Keywords:
Neuroradiology brain, CT
Authors:
I. Georgiou1, E. Tsokou2, A. ZOURLA2, S. Papakostas2, P. STAVRAKAS2, M. TSALIKIS2, A. N. Chalazonitis2; 1 ATHENS/GR, 2Athens/GR
DOI:
10.1594/ecr2011/C-1158
Purpose
The goals of imaging in a patient with acute strokes are to exclude hemorrhage, differentiate between irreversibly affected brain tissue and reversibly impaired tissue and identify stenosis or occlusion of major extra and intracranial arteries.
In this way we can select patients who are candidates for thrombolytic therapy. Assessment of
early infarction signs is now included in some guidelines and approval documents for thrombolysis.
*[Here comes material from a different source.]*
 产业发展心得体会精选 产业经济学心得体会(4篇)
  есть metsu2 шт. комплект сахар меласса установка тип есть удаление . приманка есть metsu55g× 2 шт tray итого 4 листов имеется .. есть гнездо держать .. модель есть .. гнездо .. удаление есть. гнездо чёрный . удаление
Thrombolysis is not widely implemented for treatment of acute ischemic stroke and uncertainty about the interpretation of early infarction signs on CT scans may be slowing its implementation.
Magnetic resonance (MR) diffusion-weighted imaging and perfusion imaging may help to identify patients for thrombolysis,
but there is still a need to determine how best to use CT,
as CT is likely to remain the primary modality for assessment of stroke because of its wide availability,
easy of use,
and speed.
On purpose is evaluate the role of CT in demonstrating early signs of acute cerebral ischemia,
shown to help differentiate between irreversibly affected brain tissue (dead tissue) and reversibly impaired tissue (tissue at risk).